Quelles sont les difficultés que rencontre un réalisateur qui fait  un film en kabyle ?

Rien n’est facile dans le cinéma notamment quand il s’agit du tournage d’un film qui retrace une histoire ancienne ;  alors là les choses se compliquent davantage vu le décor spécifique que cela nécessite ! Notons que les villages kabyles ont beaucoup changé.

Il est presque impossible de trouvé un bon endroit pour tourner une scène sans que le béton ne soit associé ou qu’un poteau électrique ne fasse son apparition.

 

 

Comment s’est déroulée l’avant-première de votre film à la Cinémathèque de Béjaïa ?

Le film a été reçu favorablement lors de sa projection en avant-première à la cinémathèque de Béjaïa et son directeur m’a assuré qu’ils n’ont  jamais vu un tel engouement de la part du public pour une production quelconque depuis quinze (15) ans, chose qui m’a énormément fait plaisir. J’ai aussi projeté mon film à Timezrit avec l’association “Ciné plus” en hommage à Azzedine Meddour, à Ighil Ali en hommage à Taous Amrouche, à Ighzer Amoukrane, en hommage à Malek Bouguermouh.

Les prochaines projections auront lieux au village Beni Djaâd et à Seddouk que le public a réclamé volontiers avec insistance, et finalement à la salle El Mouggar en été probablement. Le film sortira aussi en France.

Avec qui comptez-vous sortir et distribuer ce film en France?
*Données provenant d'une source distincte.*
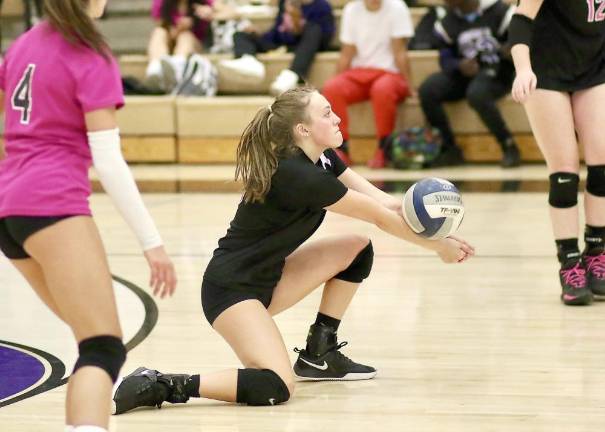 Kacie Burke, #6, dives to return a Bushmen shot in the third set.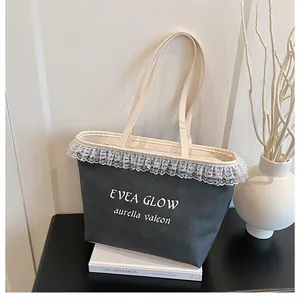 Détail du cabas en toile noire avec bordure en dentelle blanche et lettrage EVEA GLOW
Probablement avec Akfadou Production étant donné que le patron de cette boite que j’ai eu au téléphone m’a donné son accord de principe, reste maintenant à discuter les négociations sur le contrat et autres détails.

 

 

D’autres projets en vue ?

Oui, les projets ne manquent pas. Actuellement j’ai quatre scénarios : entre autres un court métrage de 26 minutes et un feuilleton de 15 épisodes de 52 minutes chacun de Rachid Smaili consacré à la guerre d’Algérie ou je compte reconduire l’équipe qui a joué dans La malédiction et d’autres comédiens au besoin, mais pour ce faire j’attends toujours les subventions nécessaires, car je ne compte pas le lancer sans le montage financier.

 

 

Un mot pour conclure

Il y a une nouvelle génération de cinéastes qu’il faut prendre en charge et rendre au 7e Art sa place dans notre pays, étant donné que les volontés et talents existent pour redorer le blason de notre culture et continuer sur les traces de Azzedine Meddour, Lakhdar Hamina et Dda Abderrahmane. En ce qui me concerne, je dirais que le cinéma c’est ma vie tout simplement.